Macrotasks and Microtasks
All of the phases listed above deal with “macrotasks”. Macrotasks are events enqueued by APIs or by
completing I/O operations. Examples of macrotasks include setTimeout() and setInterval()
callbacks, setImmediate() callbacks, I/O operations, and UI events in browsers. These events have
special considerations in the event loop, and are processed in specific order. The “poll” phase
above works through these special events in order before moving onto the “check” phase. That all
makes sense.
But! Not all events processed by the event loop are these special events. The event loop also works through a queue of events defined by the user’s code. These are known as “microtasks”.

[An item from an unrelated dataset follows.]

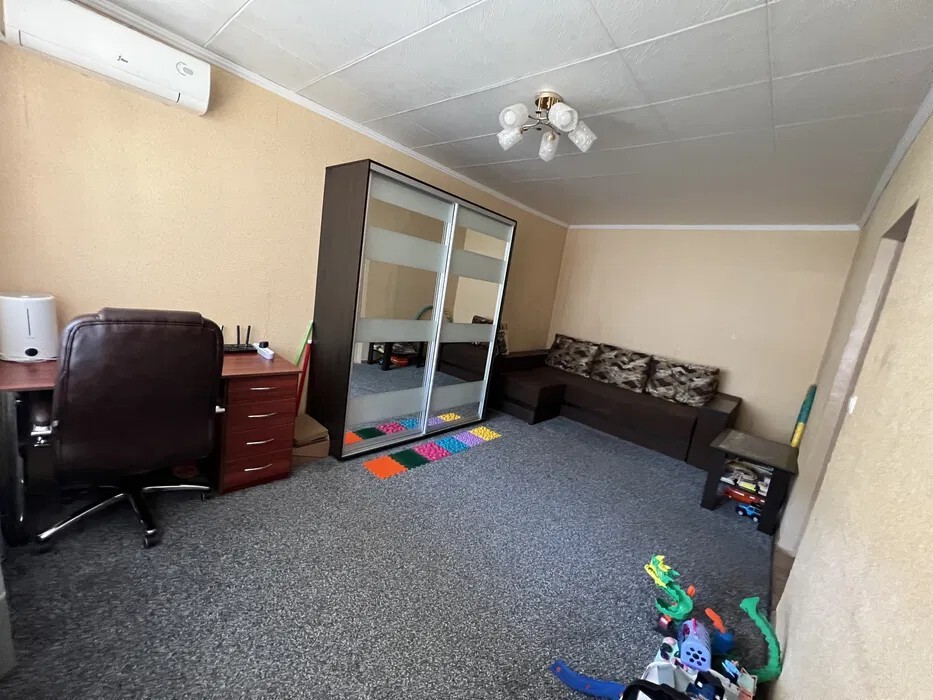 Продажа 2-комнатной квартиры 50 м², Александра Поля просп.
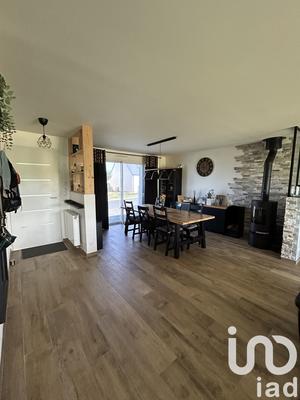 Maison - 137 m² - 6 pièces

Understanding the difference between microtasks and macrotasks is essential for predicting execution
order. Microtasks include Promise callbacks, process.nextTick() callbacks (which have the highest
priority in Node.js), and queueMicrotask() callbacks. Microtasks have higher priority than
macrotasks, so they can preempt macrotasks in the event loop. Microtasks always execute before
macrotasks, and between each phase of the event loop, all microtasks are drained before moving to
the next phase.
Node.js follows a specific priority order: process.nextTick() has the highest priority and
executes before any other asynchronous operation, followed by Promise microtasks from resolved
promises and async/await continuations, then setImmediate() which runs in the Check phase, and
finally setTimeout() and setInterval() which run in the Timer phase with specified delays.
Bringing It Back to the Refactor
So why does all this matter for the refactoring project? Understanding the distinction between
macrotasks and microtasks is crucial when moving from callback-based async to async/await.
The execution model changes in subtle but important ways. The legacy code uses the async library
extensively - operations like async.parallel and async.waterfall that schedule callbacks as
macrotasks through their completion mechanisms. When I convert these to modern Promise.all or
sequential await statements, those completions become microtasks instead. This changes execution
order. The microtask-based code will complete before any pending macrotasks, potentially affecting
how operations interleave with I/O or timers elsewhere in the system.
At our scale even small changes to event loop behavior compound quickly. A refactor that inadvertently creates excessive microtasks could starve the event loop, preventing timers and I/O callbacks from executing promptly. Conversely, if I’m more efficient about when I yield control back to the event loop, I might see improved throughput. Either way, the changes won’t be neutral.
This is where monitoring becomes critical. Before touching any code, I need to establish baseline metrics for event loop lag, understand our current task distribution, and set up alerts for degradation. I need to know how long the event loop spends in each phase, how often I’m draining large microtask queues, and whether any operations are consistently blocking. Testing locally is fine, but production behavior at 500M requests per day is fundamentally different. Issues that don’t appear under light load can cripple performance at scale.
The stakes are high here. This service is at the heart of our SSO operations, and any latency increase or availability issue cascades across our entire platform. Understanding how the event loop processes tasks gives us the tools to refactor confidently. I can reason about whether a particular code change will alter timing in meaningful ways. I can anticipate failure modes - like recursive promise chains creating microtask storms. And I can design tests that actually stress the event loop in realistic ways.
Now that I’ve got the event loop mechanics clear in my head again, I can move forward with the refactor confidently. Wish me luck.